The last Queen’s Nurse was awarded the title in January 1969. The Institute was no longer training nurses –its core activity for 80 years. The Institute could have quietly disappeared.
Instead, it refocussed its work to support the cause of community nursing when home-based services were becoming increasingly marginalised as resources were ploughed into hospitals.
The Institute funded a range of educational projects in Glasgow, Inverness and Edinburgh to improve teaching of district nursing and palliative care and mental health.
The impetus for change was led by three refugees from Nazi persecution: Lisbeth Hockey, Annie Altschul and Ekke von Kuenssberg.
The University of Edinburgh provided a key focus with the development of a nursing training unit headed by Elsie Stephenson. This raised some eyebrows – although a hugely experienced nurse, she had no formal academic qualifications.
Serious nursing research wasn’t merely an academic question. Getting good evidence was essential if community nursing was to have any influence in deciding health policy and budgets.

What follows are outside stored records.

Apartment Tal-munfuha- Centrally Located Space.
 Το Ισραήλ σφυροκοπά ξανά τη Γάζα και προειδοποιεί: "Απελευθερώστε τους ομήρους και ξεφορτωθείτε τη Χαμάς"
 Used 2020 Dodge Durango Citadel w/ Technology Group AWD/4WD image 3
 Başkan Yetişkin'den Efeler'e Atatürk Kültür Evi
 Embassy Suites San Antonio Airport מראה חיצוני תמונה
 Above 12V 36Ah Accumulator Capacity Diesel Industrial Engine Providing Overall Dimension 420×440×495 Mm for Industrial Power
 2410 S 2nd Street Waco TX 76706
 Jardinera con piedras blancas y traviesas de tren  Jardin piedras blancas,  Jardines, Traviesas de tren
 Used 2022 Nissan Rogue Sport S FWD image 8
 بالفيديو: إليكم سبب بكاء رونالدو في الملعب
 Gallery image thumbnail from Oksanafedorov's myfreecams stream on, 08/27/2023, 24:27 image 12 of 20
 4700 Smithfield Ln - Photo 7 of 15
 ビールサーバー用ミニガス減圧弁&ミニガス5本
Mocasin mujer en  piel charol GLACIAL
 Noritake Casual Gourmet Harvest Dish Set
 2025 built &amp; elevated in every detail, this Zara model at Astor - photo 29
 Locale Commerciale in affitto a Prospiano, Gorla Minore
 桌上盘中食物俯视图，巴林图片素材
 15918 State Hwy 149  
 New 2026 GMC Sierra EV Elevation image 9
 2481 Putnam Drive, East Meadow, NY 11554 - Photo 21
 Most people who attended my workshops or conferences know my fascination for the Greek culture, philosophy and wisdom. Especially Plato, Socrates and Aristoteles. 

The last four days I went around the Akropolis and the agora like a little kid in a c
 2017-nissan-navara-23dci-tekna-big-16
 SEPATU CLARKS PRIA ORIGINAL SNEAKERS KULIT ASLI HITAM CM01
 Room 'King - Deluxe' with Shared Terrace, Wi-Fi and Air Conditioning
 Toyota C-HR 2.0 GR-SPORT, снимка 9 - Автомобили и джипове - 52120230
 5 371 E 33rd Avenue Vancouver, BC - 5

Hockey led the way. After qualifying as a nurse, she became tutor then research officer for the Institute in London. In 1971, she was appointed director of the Nursing Research Unit at Edinburgh, the first of its kind in any European university. Her PhD was a study of district nursing.
In 1976, Altschul was appointed as the second chair of nursing studies at Edinburgh. Her research included a focus on caring for mentally ill people in the community – partly based on work at Dingleton Hospital in Melrose, the first psychiatric hospital to implement an open-doors policy. This had particular significance for the policy of moving from institutional to community care.